> RECORDS:
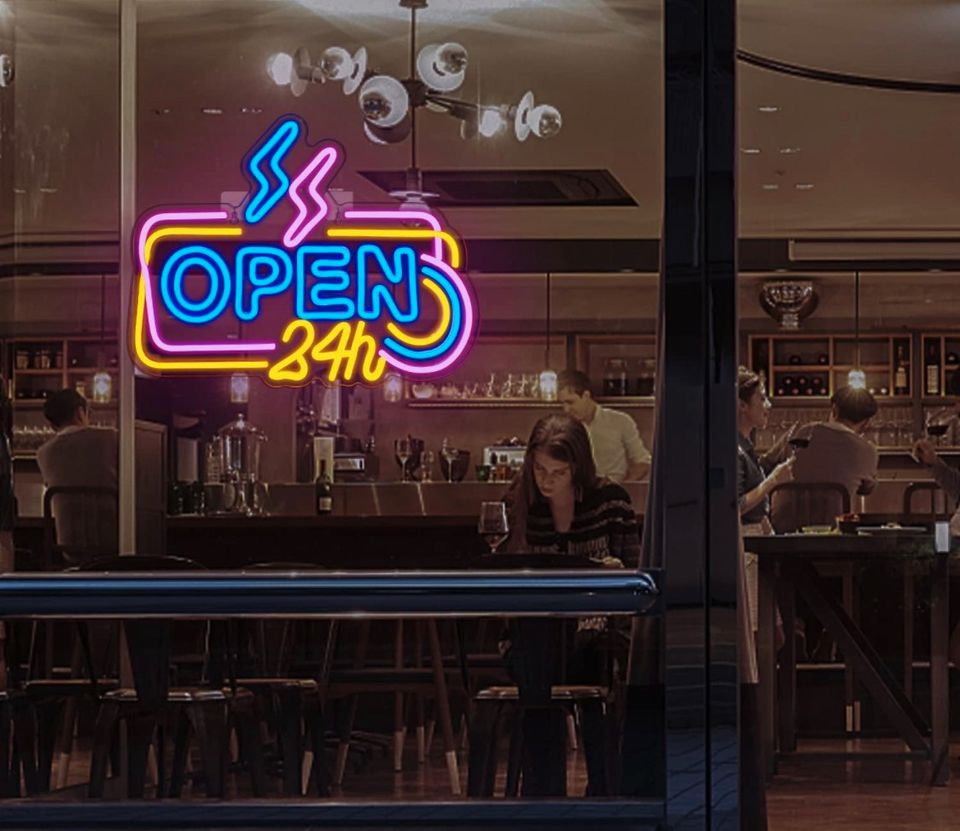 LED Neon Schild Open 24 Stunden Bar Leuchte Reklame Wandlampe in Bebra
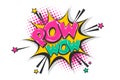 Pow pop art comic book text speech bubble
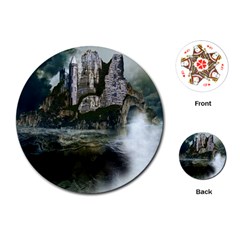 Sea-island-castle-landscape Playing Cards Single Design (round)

--

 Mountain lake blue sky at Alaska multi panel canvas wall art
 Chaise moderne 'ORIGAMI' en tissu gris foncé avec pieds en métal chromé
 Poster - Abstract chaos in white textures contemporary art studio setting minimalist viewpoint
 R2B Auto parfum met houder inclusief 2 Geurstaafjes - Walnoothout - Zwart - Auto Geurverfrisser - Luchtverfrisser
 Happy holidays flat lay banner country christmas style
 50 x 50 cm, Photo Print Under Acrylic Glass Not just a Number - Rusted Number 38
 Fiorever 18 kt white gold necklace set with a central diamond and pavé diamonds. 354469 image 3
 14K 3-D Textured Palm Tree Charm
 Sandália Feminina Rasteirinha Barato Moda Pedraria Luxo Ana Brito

> TASK DETAILS:
For the entries above, say how many lines contain the word "white", giving the number alone.

> WORKED SOLUTION:
2